What this task involves: The answer must be an exact copy of the lines from the one with "NOAHSTEMPS is available" through the final line below, with no pictures and nothing else.

Material supplied:
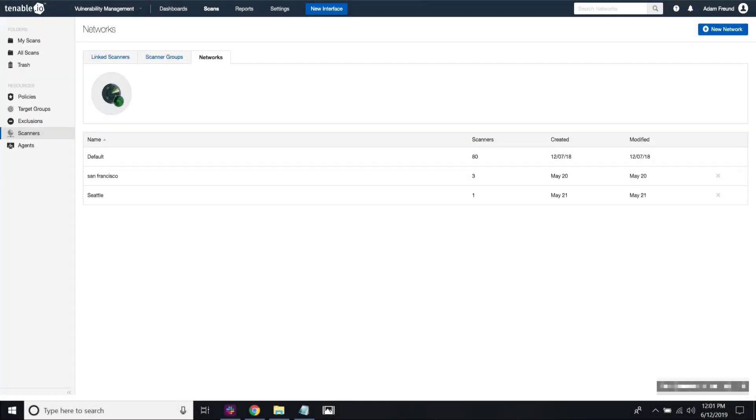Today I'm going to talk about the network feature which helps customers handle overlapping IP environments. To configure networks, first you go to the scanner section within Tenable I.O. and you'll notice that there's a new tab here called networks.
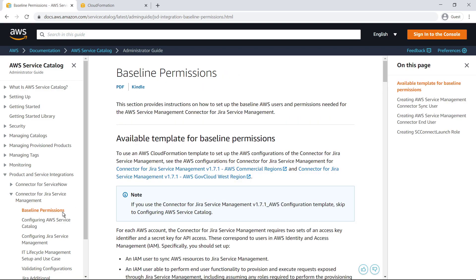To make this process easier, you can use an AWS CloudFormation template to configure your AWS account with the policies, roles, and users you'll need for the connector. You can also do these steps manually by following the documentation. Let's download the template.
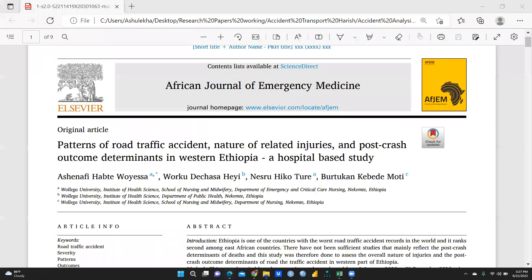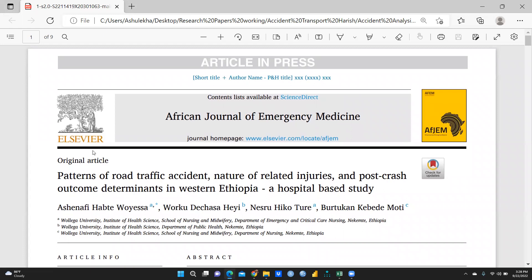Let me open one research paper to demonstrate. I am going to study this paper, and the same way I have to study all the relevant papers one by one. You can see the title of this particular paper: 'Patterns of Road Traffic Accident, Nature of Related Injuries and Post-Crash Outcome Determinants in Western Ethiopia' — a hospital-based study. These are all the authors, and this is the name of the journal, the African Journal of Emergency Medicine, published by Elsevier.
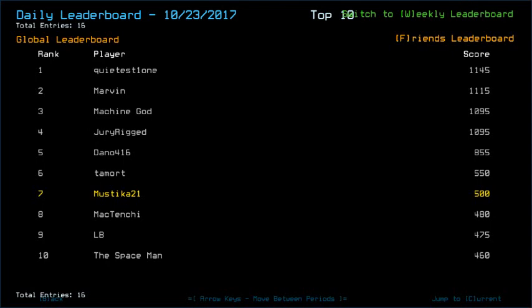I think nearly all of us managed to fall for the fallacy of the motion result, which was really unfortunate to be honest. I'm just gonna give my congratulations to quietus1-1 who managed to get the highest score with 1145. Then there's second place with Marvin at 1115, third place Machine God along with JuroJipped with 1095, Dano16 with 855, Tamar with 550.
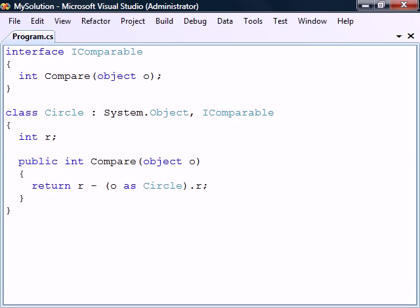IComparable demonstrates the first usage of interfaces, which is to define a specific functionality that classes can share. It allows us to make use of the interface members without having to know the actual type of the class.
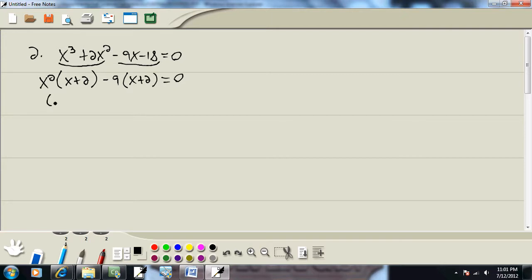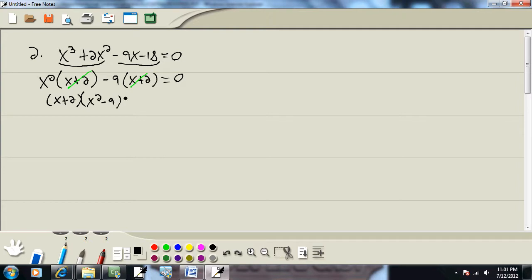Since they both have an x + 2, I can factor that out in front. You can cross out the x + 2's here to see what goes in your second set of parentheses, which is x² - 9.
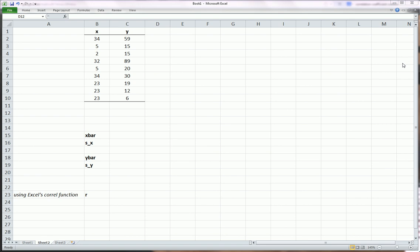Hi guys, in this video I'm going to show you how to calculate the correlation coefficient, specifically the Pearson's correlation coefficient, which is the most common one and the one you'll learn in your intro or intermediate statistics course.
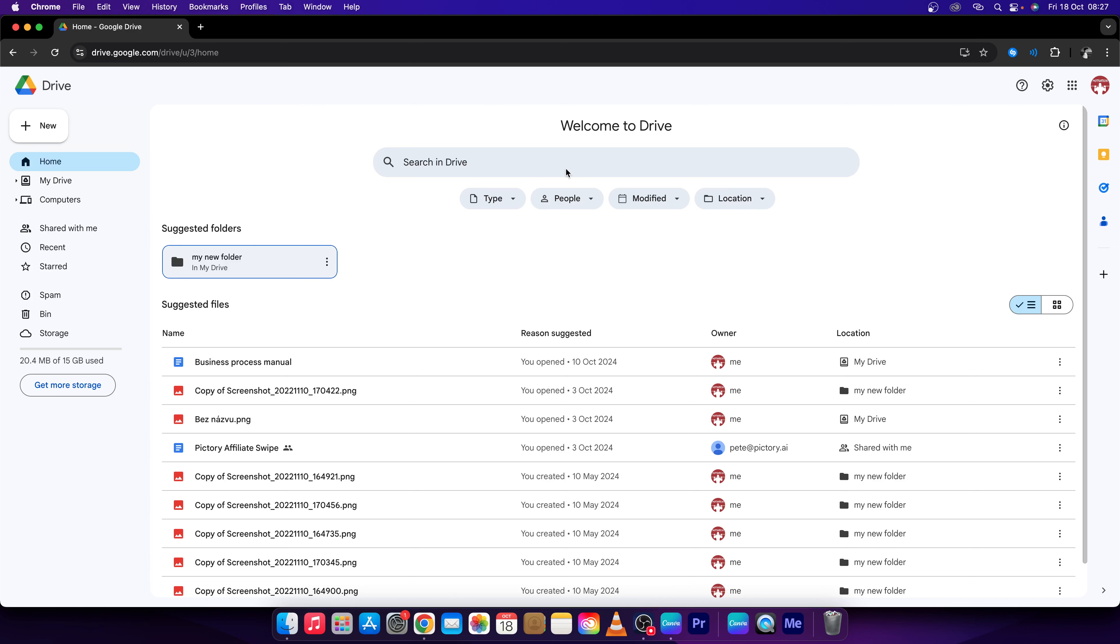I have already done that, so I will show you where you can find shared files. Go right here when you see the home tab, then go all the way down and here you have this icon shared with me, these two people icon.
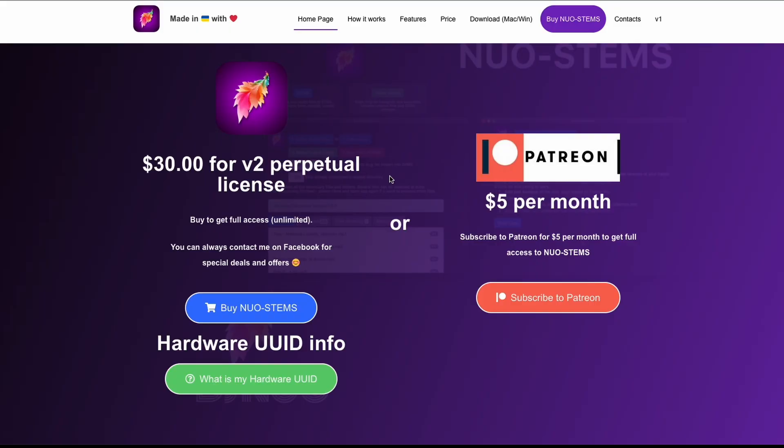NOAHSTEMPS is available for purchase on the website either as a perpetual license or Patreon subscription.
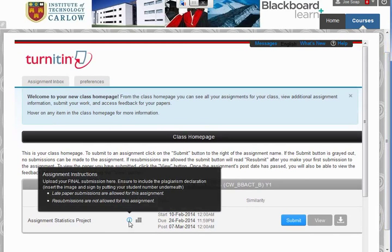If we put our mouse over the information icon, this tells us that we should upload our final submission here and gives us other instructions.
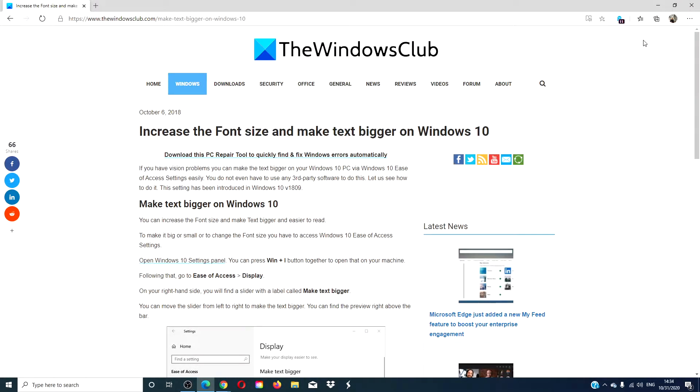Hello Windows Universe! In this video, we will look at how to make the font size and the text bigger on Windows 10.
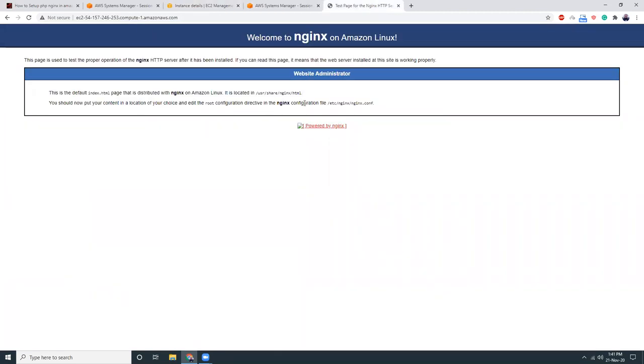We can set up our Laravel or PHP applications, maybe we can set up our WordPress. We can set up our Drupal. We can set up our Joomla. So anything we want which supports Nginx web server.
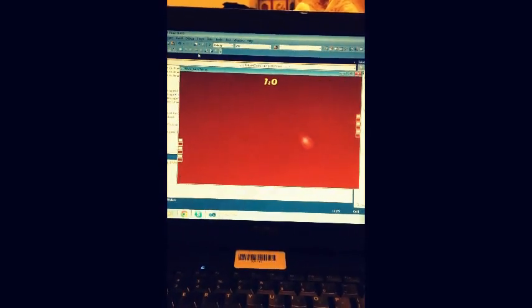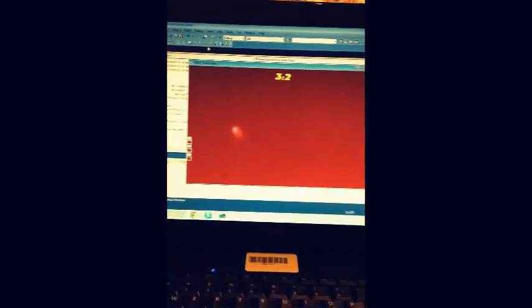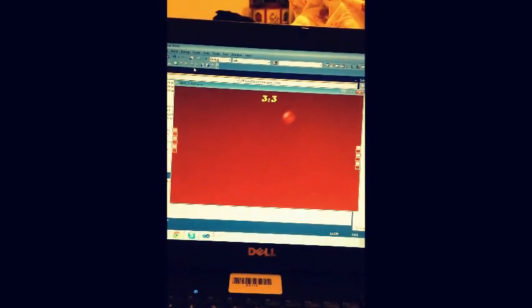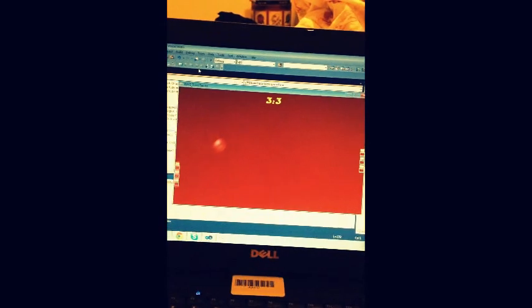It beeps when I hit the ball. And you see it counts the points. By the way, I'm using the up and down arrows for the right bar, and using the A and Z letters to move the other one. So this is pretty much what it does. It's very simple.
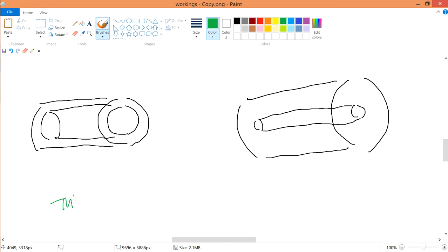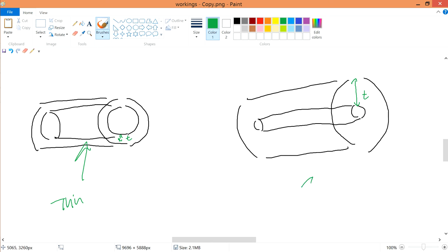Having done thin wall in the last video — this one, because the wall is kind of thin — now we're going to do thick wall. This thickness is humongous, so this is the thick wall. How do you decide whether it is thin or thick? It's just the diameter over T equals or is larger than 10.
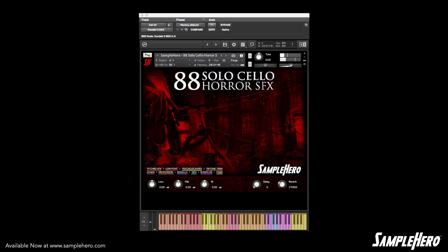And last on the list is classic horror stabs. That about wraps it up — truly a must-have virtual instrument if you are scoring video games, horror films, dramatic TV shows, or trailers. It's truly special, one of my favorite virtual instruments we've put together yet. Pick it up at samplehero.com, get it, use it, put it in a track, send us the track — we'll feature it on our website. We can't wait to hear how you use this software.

Task result:
NOAHSTEMPS is available for purchase on the website either as a perpetual license or Patreon subscription.
If we put our mouse over the information icon, this tells us that we should upload our final submission here and gives us other instructions.
Hello Windows Universe! In this video, we will look at how to make the font size and the text bigger on Windows 10.
We can set up our Laravel or PHP applications, maybe we can set up our WordPress. We can set up our Drupal. We can set up our Joomla. So anything we want which supports Nginx web server.
It beeps when I hit the ball. And you see it counts the points. By the way, I'm using the up and down arrows for the right bar, and using the A and Z letters to move the other one. So this is pretty much what it does. It's very simple.
Having done thin wall in the last video — this one, because the wall is kind of thin — now we're going to do thick wall. This thickness is humongous, so this is the thick wall. How do you decide whether it is thin or thick? It's just the diameter over T equals or is larger than 10.
And last on the list is classic horror stabs. That about wraps it up — truly a must-have virtual instrument if you are scoring video games, horror films, dramatic TV shows, or trailers. It's truly special, one of my favorite virtual instruments we've put together yet. Pick it up at samplehero.com, get it, use it, put it in a track, send us the track — we'll feature it on our website. We can't wait to hear how you use this software.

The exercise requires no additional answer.